- [TASK STATEMENT]: Every line from the one containing "Bershka Skjorta i mörkgrön / vit, Produktvy" to the end of the records below should be returned exactly; pictures are to be dropped.

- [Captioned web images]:
Segment Open
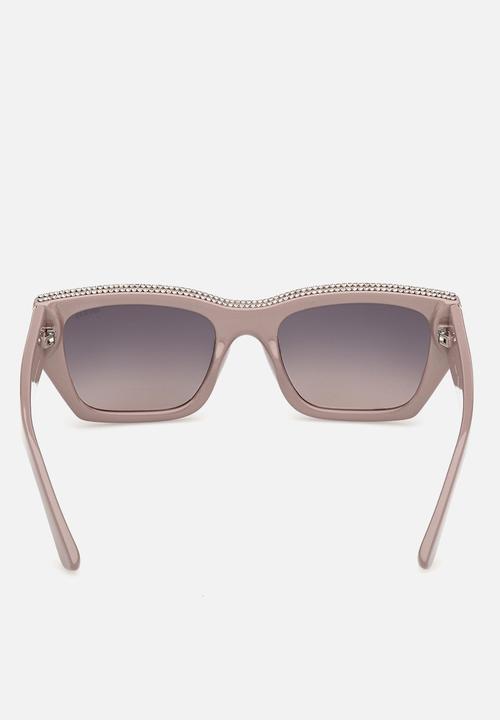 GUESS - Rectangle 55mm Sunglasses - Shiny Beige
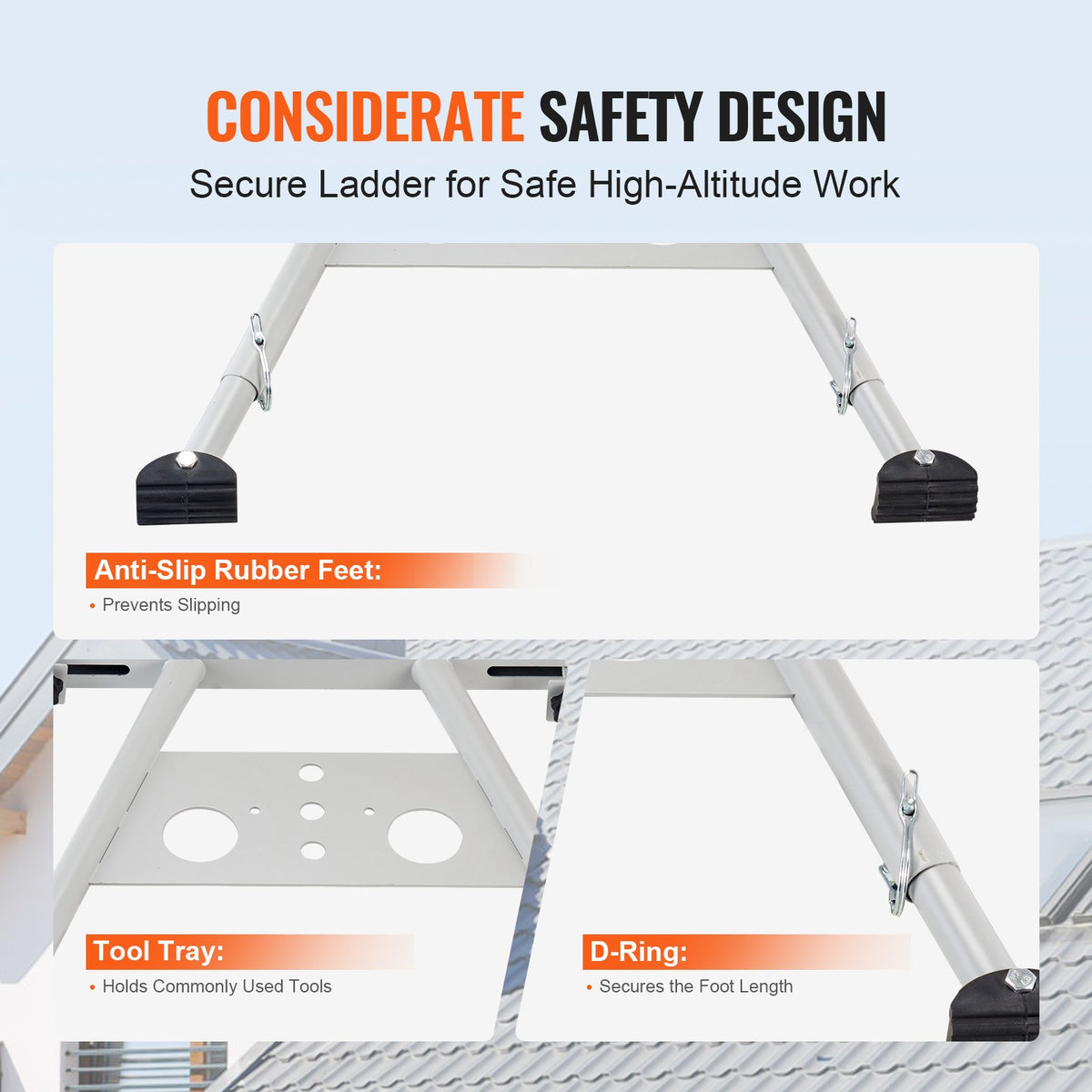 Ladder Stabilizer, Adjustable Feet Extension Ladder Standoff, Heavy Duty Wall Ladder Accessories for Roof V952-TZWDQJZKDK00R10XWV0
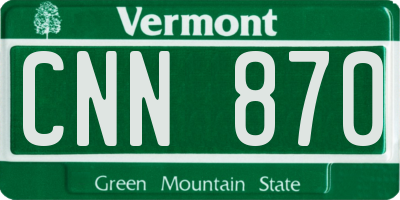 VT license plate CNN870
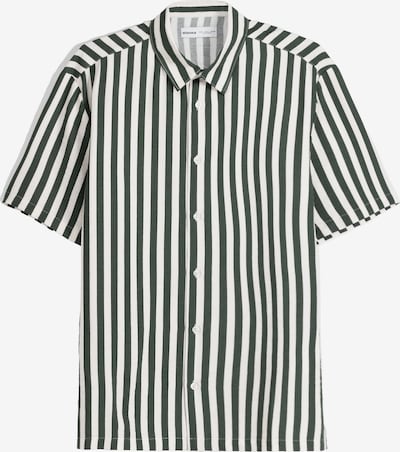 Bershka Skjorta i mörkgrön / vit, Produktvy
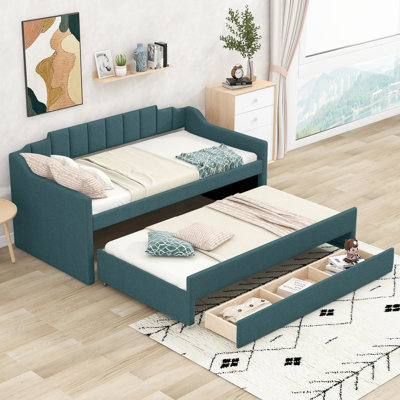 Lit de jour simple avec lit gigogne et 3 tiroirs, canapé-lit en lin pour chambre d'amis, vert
Segment Closed
- [EXERCISE OUTPUT]:
 Bershka Skjorta i mörkgrön / vit, Produktvy
 Lit de jour simple avec lit gigogne et 3 tiroirs, canapé-lit en lin pour chambre d'amis, vert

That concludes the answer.